The Little Hoover Commission, hired last year to examine operations of the California State Parks system, released a report on Monday calling for a major overhaul of parks' management and operations. Among the chief recommendations was outsourcing of some of the state's 280 parks that the department did not have the means of supporting.

"We have to take a fresh and rigorous look at the system from top to bottom," said Stuart Drown, executive director of the commission. "We need a new business model and fresh thinking."
Parks serving primarily local visitors would be turned over to local government or private organizations that could better tend to them. Existing partnerships with such groups, established in recent years to save parks from closing due to budget cuts, should be strengthened and extended. The overall management model needs to become more business-oriented, the commission suggested.

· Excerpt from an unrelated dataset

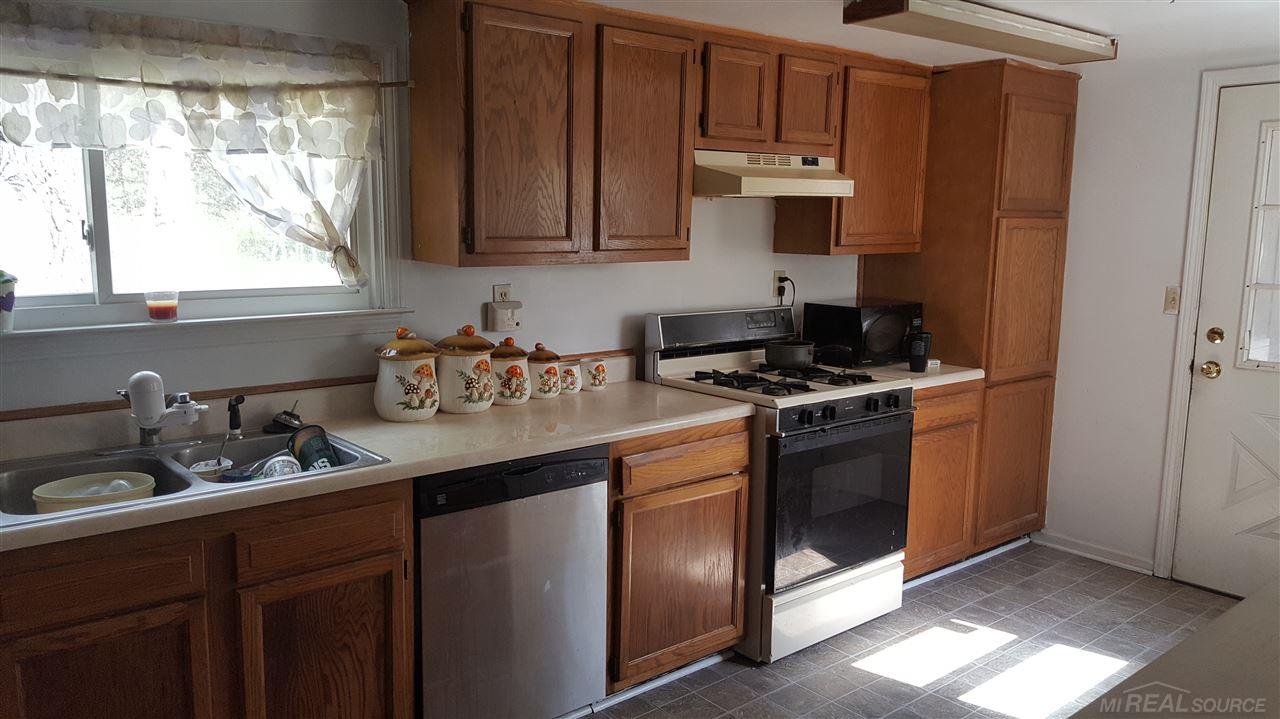 3709 Bendelow Road Rochester Hills, MI 48307 - Photo 15 of 22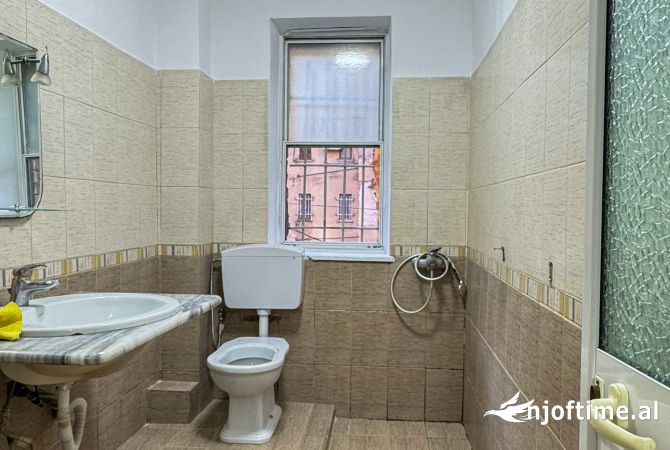 Apartment for sale in Tirana 1+1, In Part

The report also calls for updated budget-oversight processes. Financial problems nearly closed 70 state parks before state legislature stepped in last year and put a two-year moratorium on park closures. An accounting scandal that came to light after the report had been commissioned found that CSP had a $54 million surplus hidden away, $20 million of which had been intentionally hidden, according to an investigation. Meanwhile, the department has a list of maintenance issues that amounts to more than $1 billion.
The commission's report also calls for an increase in state funding for the department, which has fallen from 91 percent in 1971 to 22 percent in 2012. As a result, park quality and staffing have declined, leading to decreased attendance.
"We can't do it the way we've been doing it," said Drown. "The existing model doesn't work."